Durante los últimos dos años se ha intentado salir de algún modo de esta situación problemática y se ha debatido la cuestión de la televisión en relación, precisamente, con la formación de adultos. El presidente de las Universidades Populares Alemanas, el profesor Hellmut Becker, ha tomado posición sobre esta compleja temática en un trabajo titulado «Televisión y formación cultural» publicado en la revista Merkur. Por otra parte, toda una serie de trabajos y aportaciones sobre la televisión procedentes de los círculos de las universidades populares muestran que este medio ya no es considerado desde una perspectiva de conflicto, sino que se busca el acomodo e incluso la colaboración con él.

Todo ello suscita, naturalmente, gran cantidad de cuestiones e interrelaciones de orden pedagógico, metodológico y —me atrevería incluso a decir— epistemológico. Por ello, vamos a debatir ahora a fondo la cuestión de la televisión y de la formación. La naturaleza de la problemática en juego, y nuestra propia pretensión, indican la conveniencia de no limitarse a una aproximación y explicación meramente prácticas de la misma. A tal efecto hemos invitado al Profesor Theodor Adorno, filósofo y sociólogo frankfurtiano, a participar en este coloquio y a oficiar en él de interlocutor del Profesor Becker. Los conocimientos del Profesor Adorno sobre la televisión hunden sus raíces en una atención analítica muy profunda a este medio en los Estados Unidos de América, donde intentó analizar programas de la televisión y su público. Ambos puntos de vista, el del práctico y el del observador analítico parecen ofrecer a este coloquio —o, al menos, así me lo ha parecido— algunas posibilidades, tanto de debate como de orientación.

Señor Adorno, usted conoce perfectamente los esfuerzos que las universidades populares vienen dedicando en los últimos tiempos a la televisión. ¿Qué opina al respecto?

ADORNO: Lo primero que diría es que el concepto de formación cultural tiene, en lo que afecta a la televisión, un doble significado, y espero que no me consideren sospechoso de pedantería si diferencio brevemente entre ambos significados.

Por una parte cabe hablar, en efecto, de televisión en la medida en que ésta sirve de modo inmediato a fines formativos; esto es, en la medida en que los objetivos que orientan la televisión son de orden pedagógico: en la televisión escolar, en las universidades populares que imparten televisivamente sus enseñanzas y en organizaciones formativas y educativas de tipo similar.

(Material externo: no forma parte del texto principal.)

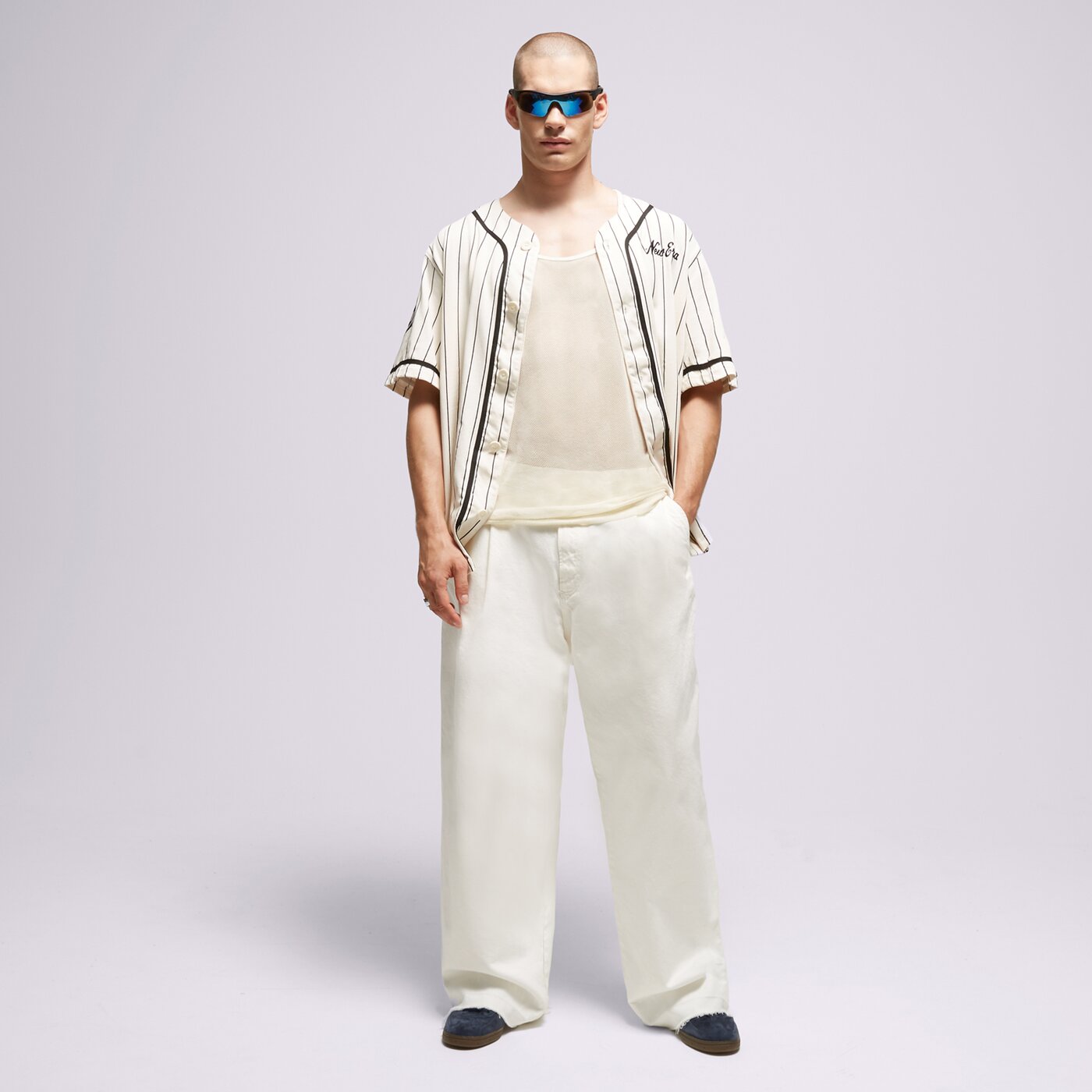 Мъжка тениска NEW ERA ТЕНИСКА NE PINSTRIPE JERSEY NONE 60416415 цвят бял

Por otra parte, hay algo así como una función, formativa o no formativa para la consciencia de las personas que la televisión ejerce por sí misma y que, desde luego, no hay más remedio que admitir dado el ingente número de horas que se dedican a verla y escucharla. La investigación, sin embargo, y tal vez sea útil decirlo, aún no ha encontrado hasta la fecha una respuesta específica a la pregunta tan frecuente en los Estados Unidos: «What Television does to people?» (¿qué efecto tiene realmente la televisión sobre las personas?). Tal vez podamos volver a hablar luego sobre ello.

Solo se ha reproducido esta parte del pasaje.